__The problem__
When copying the entries below, leave out every picture and keep the rest exact.

[Items from a dataset]
****
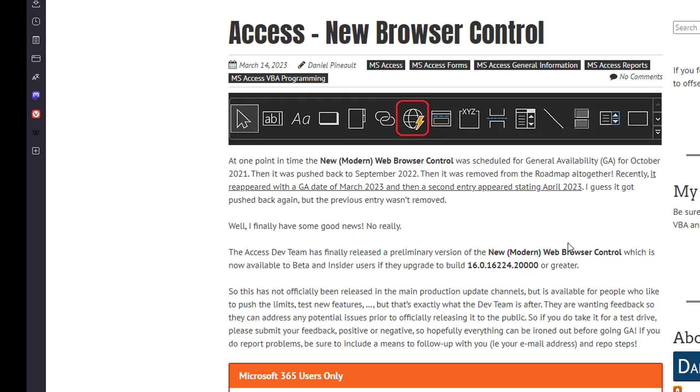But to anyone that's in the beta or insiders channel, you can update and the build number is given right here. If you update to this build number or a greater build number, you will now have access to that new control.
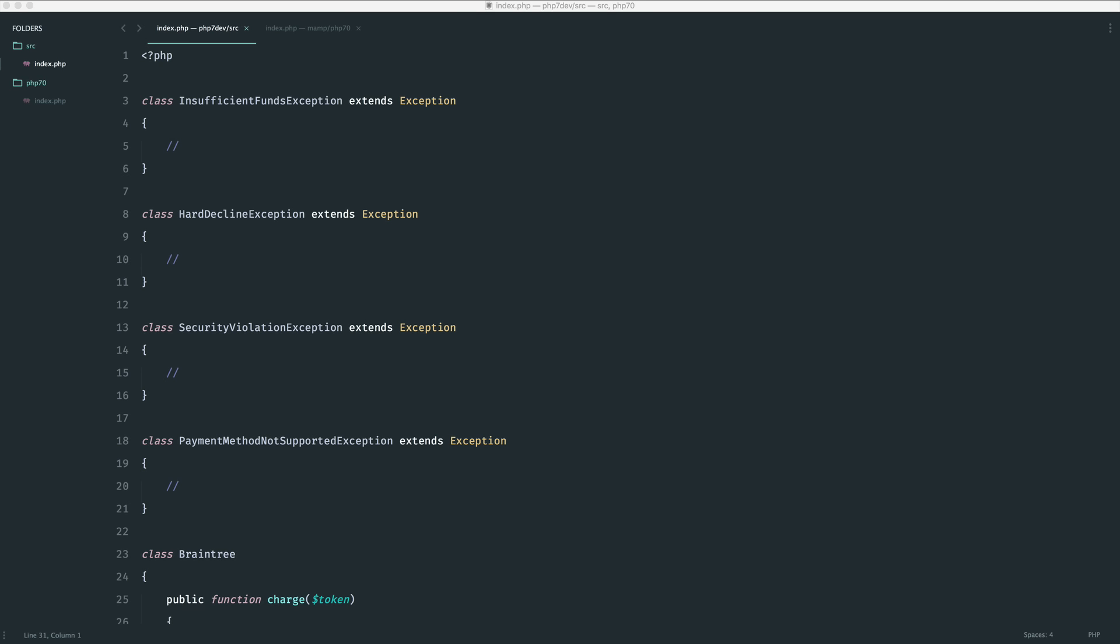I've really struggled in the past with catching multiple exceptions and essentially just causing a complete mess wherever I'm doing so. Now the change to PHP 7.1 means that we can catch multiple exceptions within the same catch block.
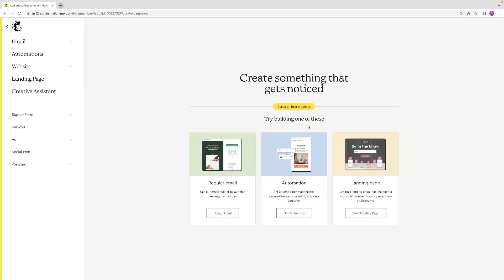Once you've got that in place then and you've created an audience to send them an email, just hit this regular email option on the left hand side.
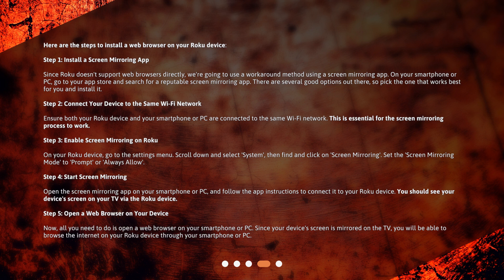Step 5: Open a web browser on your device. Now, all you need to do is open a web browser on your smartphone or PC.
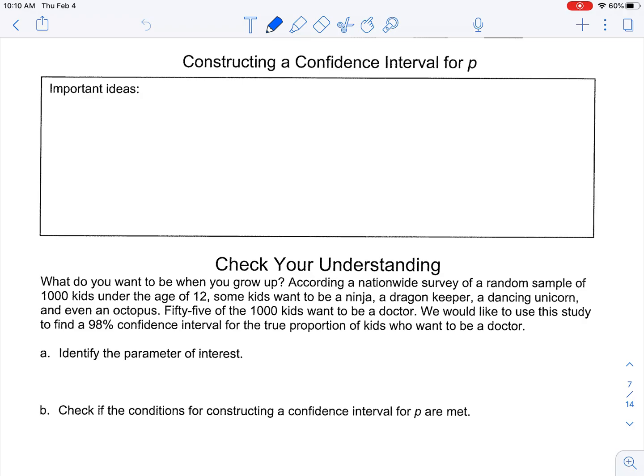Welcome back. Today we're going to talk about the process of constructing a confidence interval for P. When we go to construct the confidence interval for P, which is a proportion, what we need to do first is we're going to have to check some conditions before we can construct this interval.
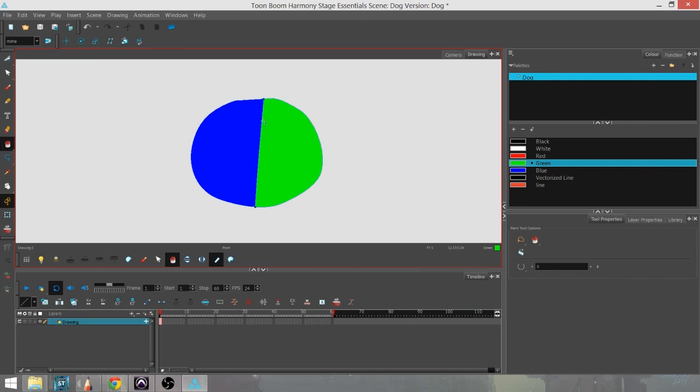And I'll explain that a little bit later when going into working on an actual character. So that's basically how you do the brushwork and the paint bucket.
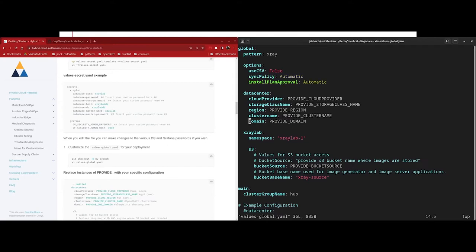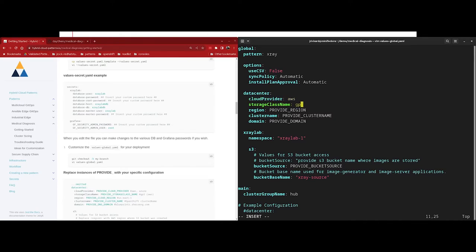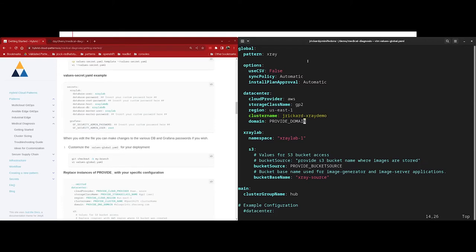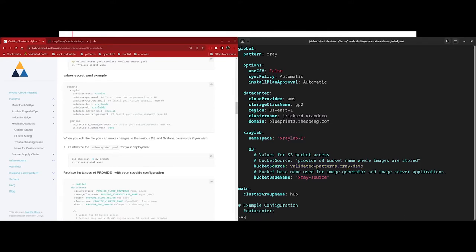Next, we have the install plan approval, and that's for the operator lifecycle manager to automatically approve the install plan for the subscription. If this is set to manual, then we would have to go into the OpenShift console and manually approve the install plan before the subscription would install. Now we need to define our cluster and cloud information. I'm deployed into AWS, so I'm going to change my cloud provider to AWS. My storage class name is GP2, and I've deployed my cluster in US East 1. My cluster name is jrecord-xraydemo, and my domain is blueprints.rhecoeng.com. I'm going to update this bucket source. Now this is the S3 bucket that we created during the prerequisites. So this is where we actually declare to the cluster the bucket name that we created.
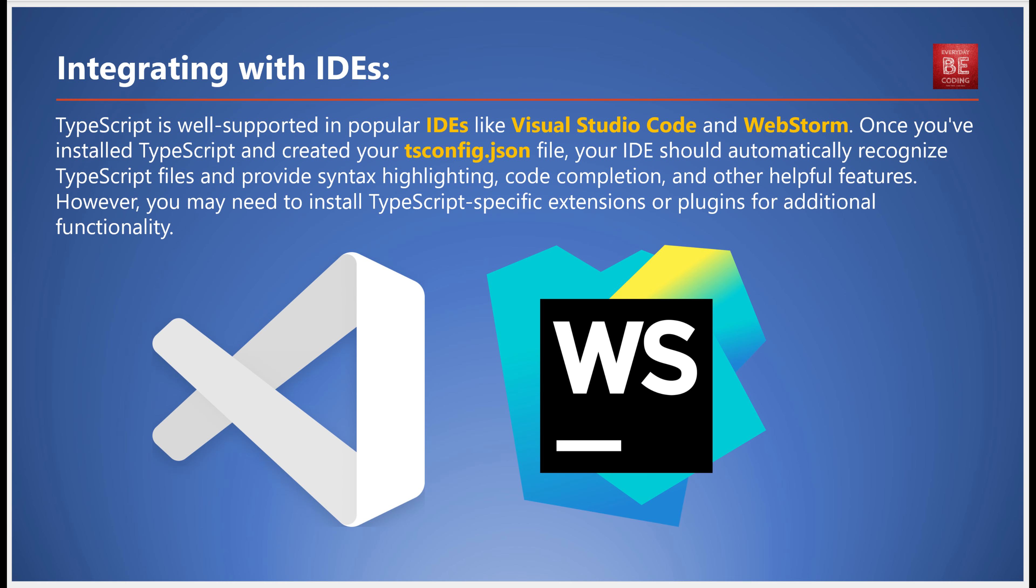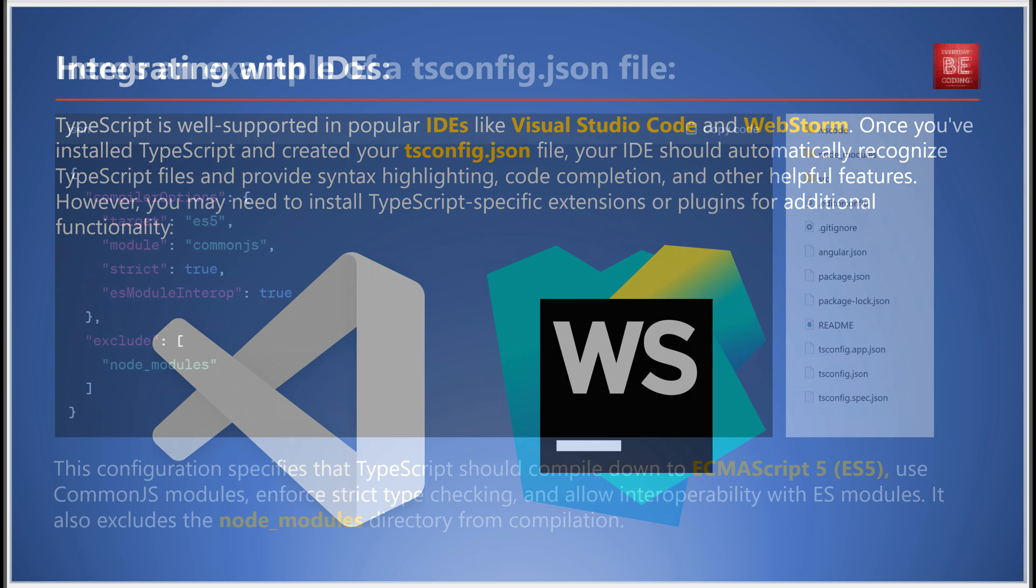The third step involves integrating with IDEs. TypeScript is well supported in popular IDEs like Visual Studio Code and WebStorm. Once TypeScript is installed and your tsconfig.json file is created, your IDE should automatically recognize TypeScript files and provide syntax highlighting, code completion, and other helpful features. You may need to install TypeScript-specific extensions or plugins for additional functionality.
****
__Response area__
But to anyone that's in the beta or insiders channel, you can update and the build number is given right here. If you update to this build number or a greater build number, you will now have access to that new control.
I've really struggled in the past with catching multiple exceptions and essentially just causing a complete mess wherever I'm doing so. Now the change to PHP 7.1 means that we can catch multiple exceptions within the same catch block.
Once you've got that in place then and you've created an audience to send them an email, just hit this regular email option on the left hand side.
Step 5: Open a web browser on your device. Now, all you need to do is open a web browser on your smartphone or PC.
Welcome back. Today we're going to talk about the process of constructing a confidence interval for P. When we go to construct the confidence interval for P, which is a proportion, what we need to do first is we're going to have to check some conditions before we can construct this interval.
And I'll explain that a little bit later when going into working on an actual character. So that's basically how you do the brushwork and the paint bucket.
Next, we have the install plan approval, and that's for the operator lifecycle manager to automatically approve the install plan for the subscription. If this is set to manual, then we would have to go into the OpenShift console and manually approve the install plan before the subscription would install. Now we need to define our cluster and cloud information. I'm deployed into AWS, so I'm going to change my cloud provider to AWS. My storage class name is GP2, and I've deployed my cluster in US East 1. My cluster name is jrecord-xraydemo, and my domain is blueprints.rhecoeng.com. I'm going to update this bucket source. Now this is the S3 bucket that we created during the prerequisites. So this is where we actually declare to the cluster the bucket name that we created.
The third step involves integrating with IDEs. TypeScript is well supported in popular IDEs like Visual Studio Code and WebStorm. Once TypeScript is installed and your tsconfig.json file is created, your IDE should automatically recognize TypeScript files and provide syntax highlighting, code completion, and other helpful features. You may need to install TypeScript-specific extensions or plugins for additional functionality.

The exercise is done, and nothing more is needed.